GOAL OF THE EXERCISE:
Reproduce exactly the lines from the one containing "SALA COMERCIAL COMERCIAL" through the end of the listing, minus the pictures.

DATA SECTION:
+ + + +

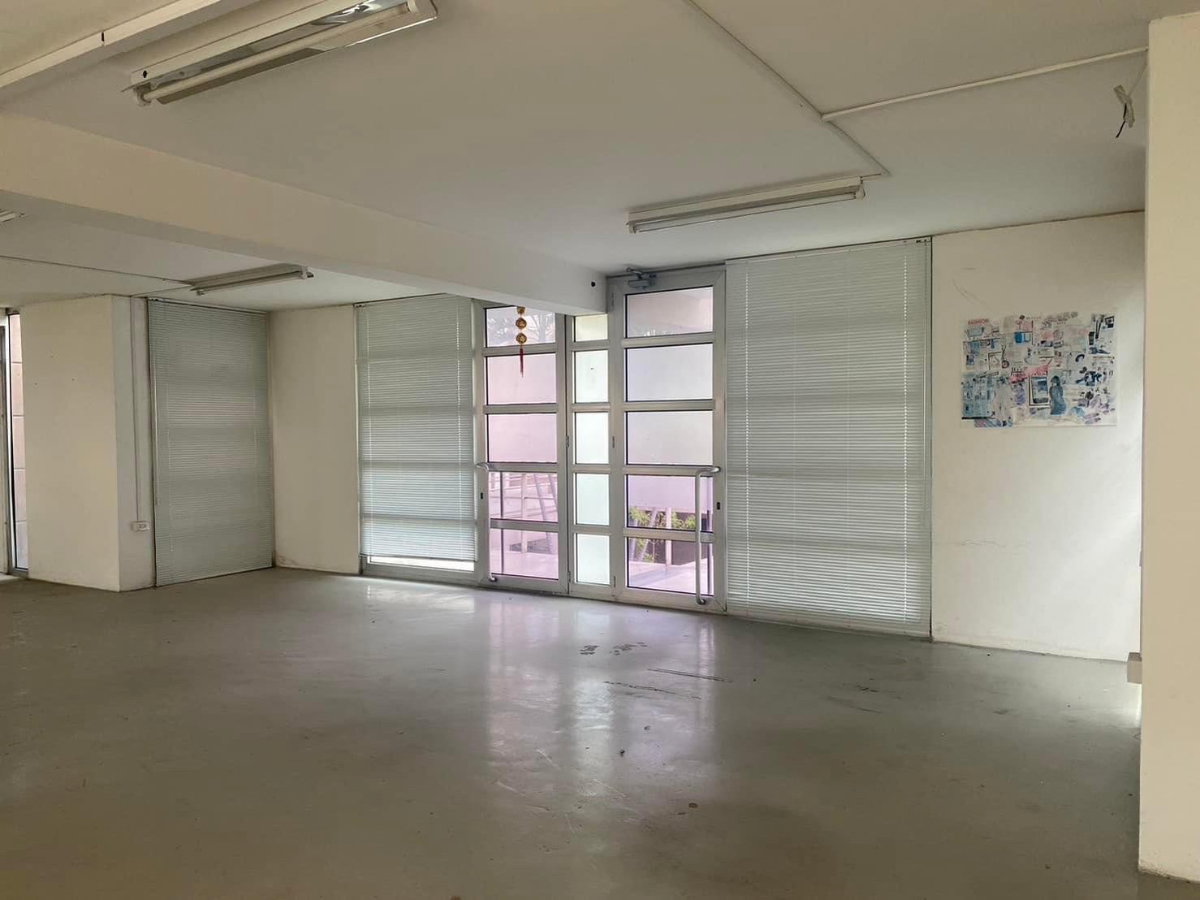 picture SELL Reviera up condominium (Ready to move in and transfer) - 6/14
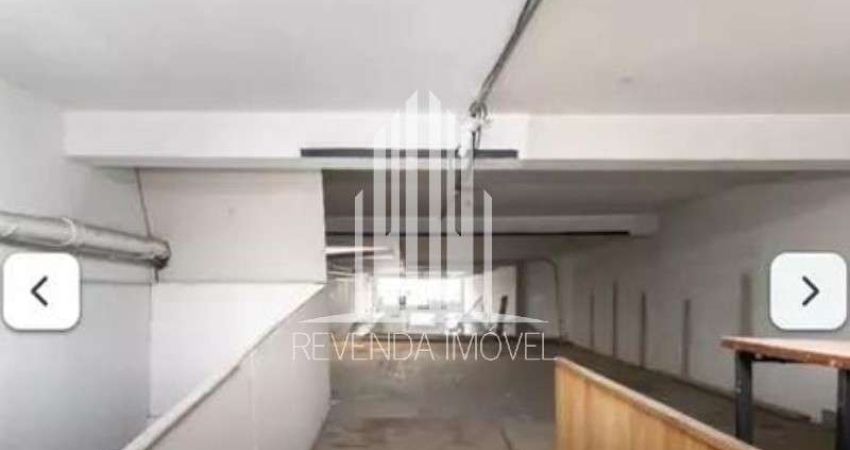 SALA COMERCIAL COMERCIAL em SÃO PAULO - SP, VILA MARIANA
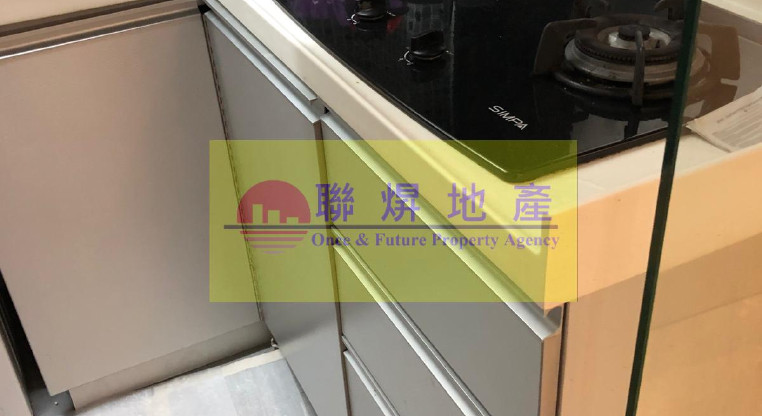 盤源圖片3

+ + + +

SOLUTION FOR THIS PROBLEM:
 SALA COMERCIAL COMERCIAL em SÃO PAULO - SP, VILA MARIANA
 盤源圖片3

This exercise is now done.